ISLAMABAD: The army on Wednesday said it would continue foiling Indian designs against Pakistan, besides exposing its human rights abuses in occupied Kashmir and terrorist links.
This was stated in a press statement issued by the Inter-Services Public Relations (ISPR) at the end of the corps commanders’ conference at the General Headquarters.
Heightened tensions with India, expected commencement of intra-Afghan dialogue, army’s participation in the national initiatives against Covid-19 and locust infestation, and the external and internal security situation were on the agenda of the top military commanders’ meeting, which is a monthly feature at the army headquarters.
“Noting the Indian aggression, forum resolved to continue thwarting Indian designs and expose Indian targeting of innocent civilians in Kashmir and open support to terrorist outfits,” the ISPR said.
The plan, besides countering the overt military threat from the hostile eastern neighbour, places strong emphasis on diplomatically and politically unmasking India at the international forums.
The strategy closely resembles the planning by the Pakistan government for challenging Indian credentials as it prepares to take up a seat at the United Nations Security Council as a non-permanent member for the 2021-22 term.

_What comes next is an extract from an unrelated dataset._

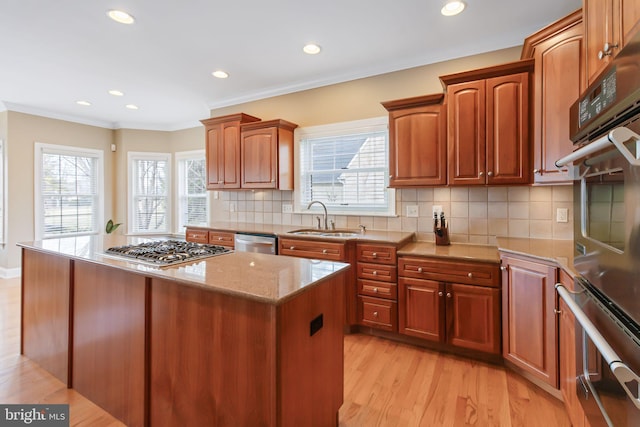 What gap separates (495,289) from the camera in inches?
89.4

The diplomatic strategy of the government envisages highlighting non-implementation of UN resolutions, the threat posed by Indian actions to the regional peace, its maltreatment of minorities, human rights abuses in held Kashmir, and involvement with terrorist groups to destabilise other countries.
India has, meanwhile, been continuing with high ceasefire violations at the Line of Control, besides undertaking a massive arms build-up, which is primarily aimed against Pakistan.
The commanders were also briefed on the progress in the Afghan peace process, which has created hopes of commencement of the intra-Afghan dialogue.
Pakistan facilitated the US-Taliban agreement, signed in Doha in February, and later helped with confidence building measures, including release of prisoners that paved the way for the intra-Afghan talks. The prisoners’ swap between the Afghan government and Taliban insurgents — a key condition for the start of the dialogue — is expected to be completed this week.
Army Chief Gen Qamar Javed Bajwa, during his visit to Kabul last week, assured Afghan leaders of Pakistan’s support for peace efforts and start of the intra-Afghan talks.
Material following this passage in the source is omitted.